Third, the high impact of GPR on public funds for cohesion policies is registered in countries with high trade distance from value added, in the form of GVCs downstream positioning, and low quality of national institutions. To study the explanatory factors, the authors combine different variables, including the Political Stability and Absence of Violence/Terrorism Index, part of the World Bank Governance Indicators, which measure the level of national political instability. Additionally, the authors employ the GVCs downstreamness Index in order to measure the distance of each EU country with respect to the place where factors with value added are produced.

Two main comments derive from the exploratory analysis on the explaining factors of the GPR costs. The first lies on the relationship between international and domestic political dimensions. In this respect, the authors emphasize the role of national political instability in explaining the greater impact of geopolitical risks in terms of reduced effectiveness of public spending (regression correlation of 0.10; Spearman’s rho coefficient of 0.42). In other words, more unstable and risky national institutions facilitate the propagation of external shocks. The second relates to the direct relation between GPR costs (in absolute value) and distance from origin of GVCs added value (regression correlation of 0.21; Spearman’s rho coefficient of 0.50). In other words, the adverse effects of international geopolitical tensions propagate in countries distant from the production of added value of GVCs.

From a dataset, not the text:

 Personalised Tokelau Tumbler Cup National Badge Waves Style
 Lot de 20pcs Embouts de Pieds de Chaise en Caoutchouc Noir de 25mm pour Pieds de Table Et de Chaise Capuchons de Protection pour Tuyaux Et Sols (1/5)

The main merit of the analysis is to provide real-time evidence on a research area that is rapidly progressing. The main policy implications of the study can be listed as follows. To raise the resilience of the EU as a whole it is unavoidable to work for a coordination of the different macroeconomic (industrial, trade, territorial cohesion and development) and monetary policies, at European and national level, in order to create a context able to tackle geopolitical tensions. Additionally, the presence of asymmetric effects within the EU when looking at the costs of GPR for the cohesion policy, which will require further research effort at sector- and regional level, indicates that there are new challenges for unequal development paths that add to historical internal heterogeneities across the EU, with impact on European and national public finances.